Last week, I got a lesson on just exactly why all this really is so important.
Early last week, my advisor and I took some coral skeletons, a projector, a couple of PowerPoint presentations, and a couple of minutes of some cool video, and went to visit my daughter’s second grade class. After all of the time that we have spent exposed to students at the university level, what we found there came as a complete shock. These elementary school kids were actually enthusiastic and eager to learn. They were attentive, and they even asked creative, thoughtful questions.
Over the course of what was scheduled as a 30 minute presentation, and which actually lasted more like an hour, we were asked things that most of the undergrads taking intro classes don’t think to. For example, after we discussed the symbiosis between coral and the photosynthetic algae known as zooxanthellae, we were asked, “what happens if the little plants don’t want to live in the coral?” When we used the sea anemones from Finding Nemo as a basis for our description of a coral polyp, we were asked if they are so similar because they are related. Then we were asked if related meant “like family, or just kinda like each other?” The curiosity that these kids displayed was nothing short of amazing, and it reminded me of just how much of an intellectual crime we are committing if we do not reward curiosity with honest answers.
If we evade children’s questions because the answers aren’t easy to give, or because we are worried about how other adults might react to our answers, we are sending the wrong message. We are saying that our comfort level is more important than their need for an honest answer. If we avoid answering them because we are afraid of how the answer will affect their beliefs about other things, we are telling them that reality is relative. If we fail to answer their questions because we are afraid of how it will impact their understanding of other things, then we say, as Jack Nicholson so memorably put it, “You can’t handle the truth!”
None of those things is a good message to give to our children, and all of them are messages that are contained in the efforts of anti-evolutionists to dilute and distort the way we teach children about the world that they live in. But that isn’t the only reason that I drew from the second-graders. This week, we got thank you notes, and I got another reminder. Actually, I got several dozen more.
J.K wrote:
I learned that the fire coral has something inside and when you touch it it sting. Question: Where does the fire coral live and does it stay in the sunlight zone or twylight zone or darkness zone.

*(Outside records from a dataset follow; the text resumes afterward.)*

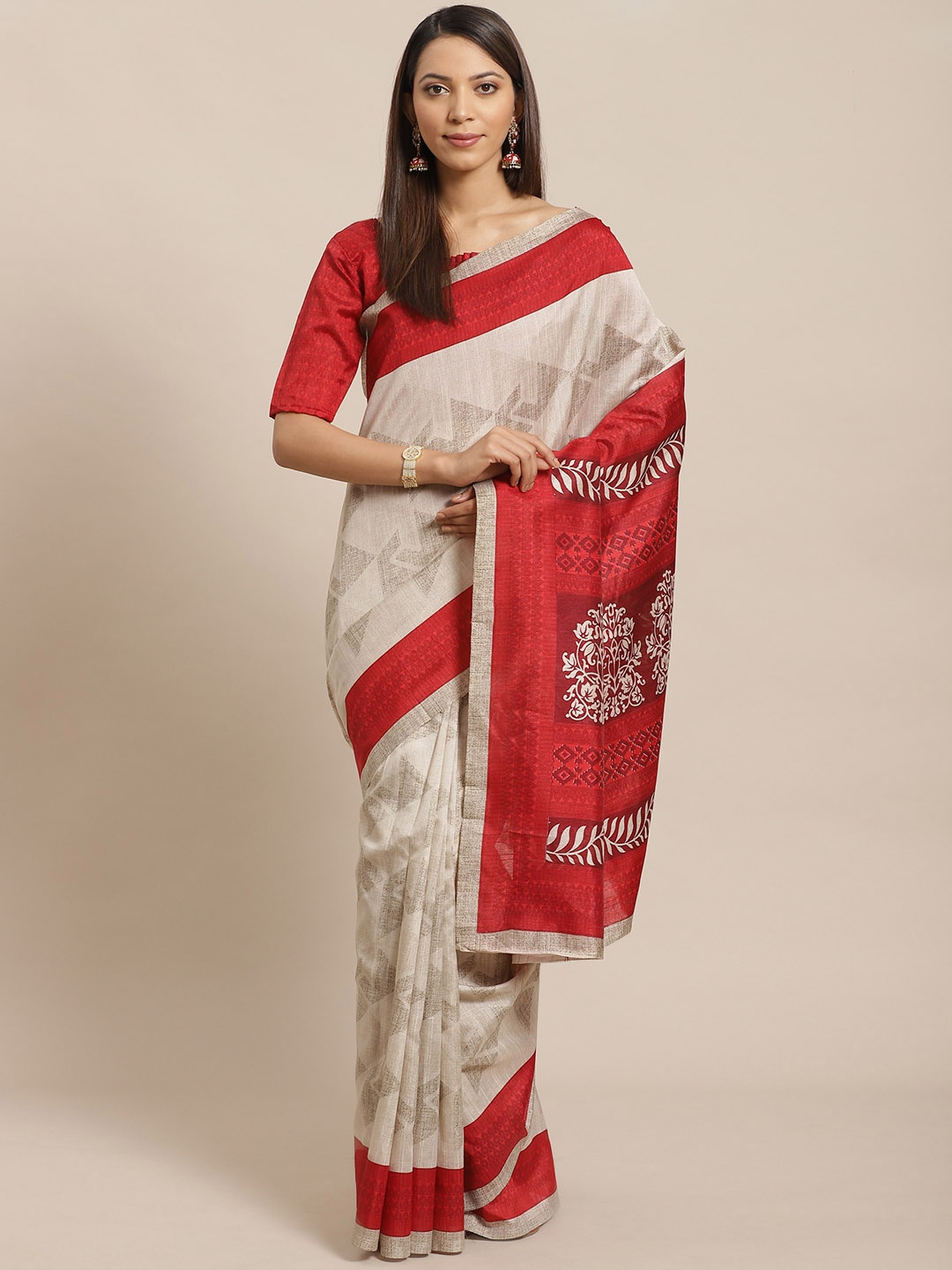 

Saree mall Beige & Red Geometric Printed Bhagalpuri Saree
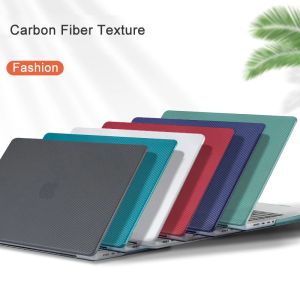 Casos Case de computadora portátil para Apple MacBook Air 13 14 14 pulgadas Fibra de carbono Cajas de la manga del cuaderno de protección delgada suave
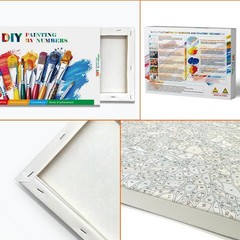 Paint by Numbers Kit for Adults with Frame, Moon Paint by Number with Easel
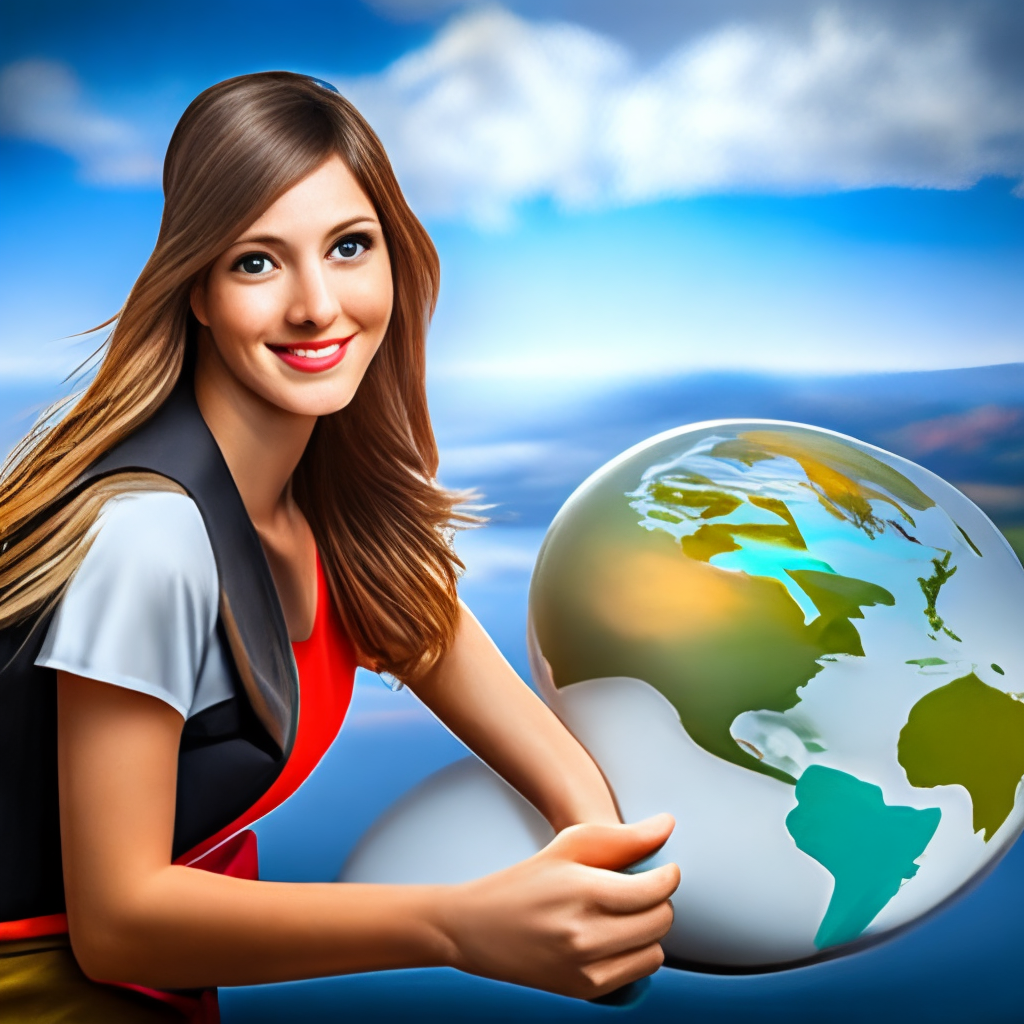 Beautiful girl with globe 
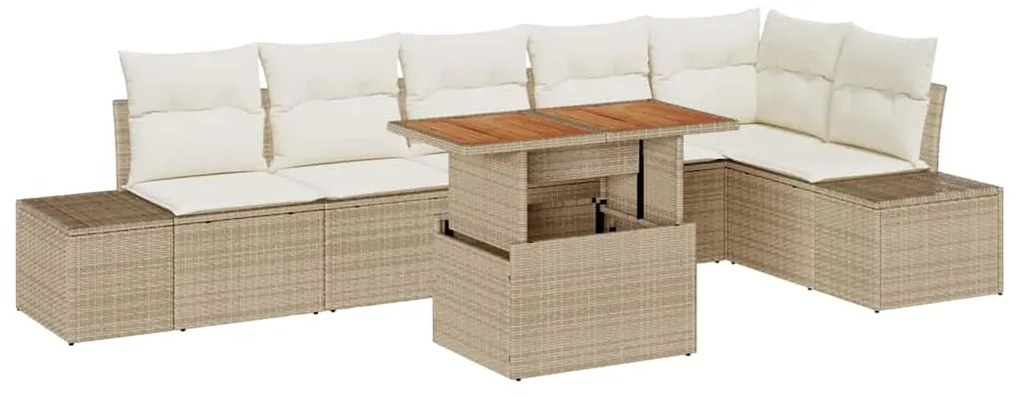 Conjunto de Jantar de Jardim com 7 peças e almofadas bege em rattan po
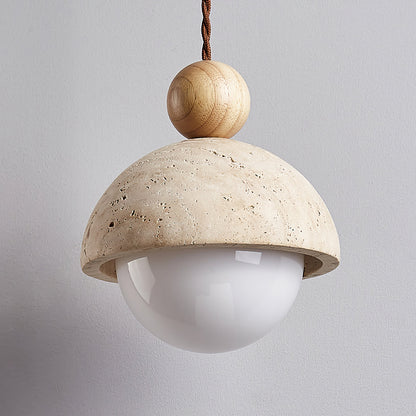 Travertine Dome and Glass Globe Ceiling Pendant - Arrielight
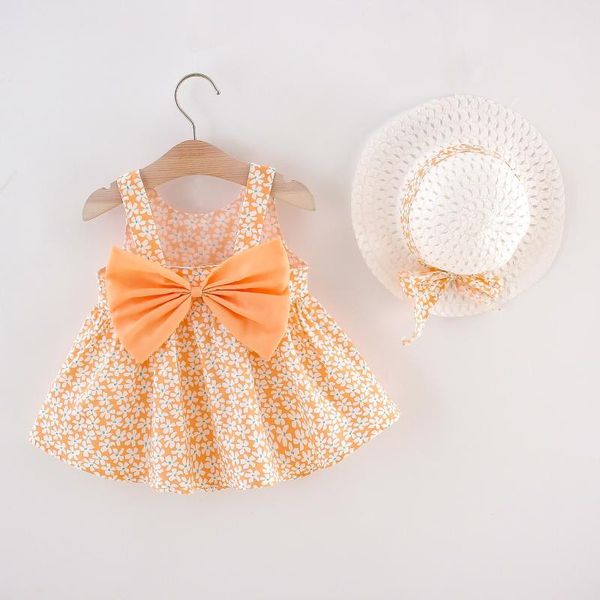 

girl's dresses casual toddler baby kids summer cute girls fashion suspenders floral princess dress hat clothes party outfits 2021, Red;yellow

That note concluded with a request that we answer the question on the back and return it. (We did answer, but by email. For the record, although the fire corals are more closely related to jellyfish than to stony corals, they do normally contain zooxanthellae. This restricts them to the “sunlight zone”.) A couple of other students also thought of questions that they had forgotten to ask earlier, and it wouldn’t surprise me if we get another round of questions by email. Curiosity doesn’t always stop when the presentation does.
N.P. wrote:
When I grow up, I want to have a job just like you.
I.B. wrote:
I would like to know all about coral reefs and all the coral names. Maby I will do what you do at the place you work at.
Those two quotes give another reason that this is important. Children start to think about what they want to be when they grow up, and sometimes those early ideas actually result in later careers. (Of course, sometimes they don’t. I wanted to be a farmer when I was in second grade.) Interests are developed during childhood that can last a lifetime. When we show children just how awesome the world around them really is, and how much fun it can be to try and learn more about it, we might just be helping to develop the next generation of great scientists.
I guess that’s really the biggest reminder that I got from the second graders: Children matter. The students that we educate today are going to be the teachers and scientists of the future. They deserve nothing less from us than the best education that we can give them - and that means that we should encourage their curiosity, and provide honest answers to their questions. What they do not deserve is to have their education used as some sort of tool to gain leverage in a perceived “culture war”.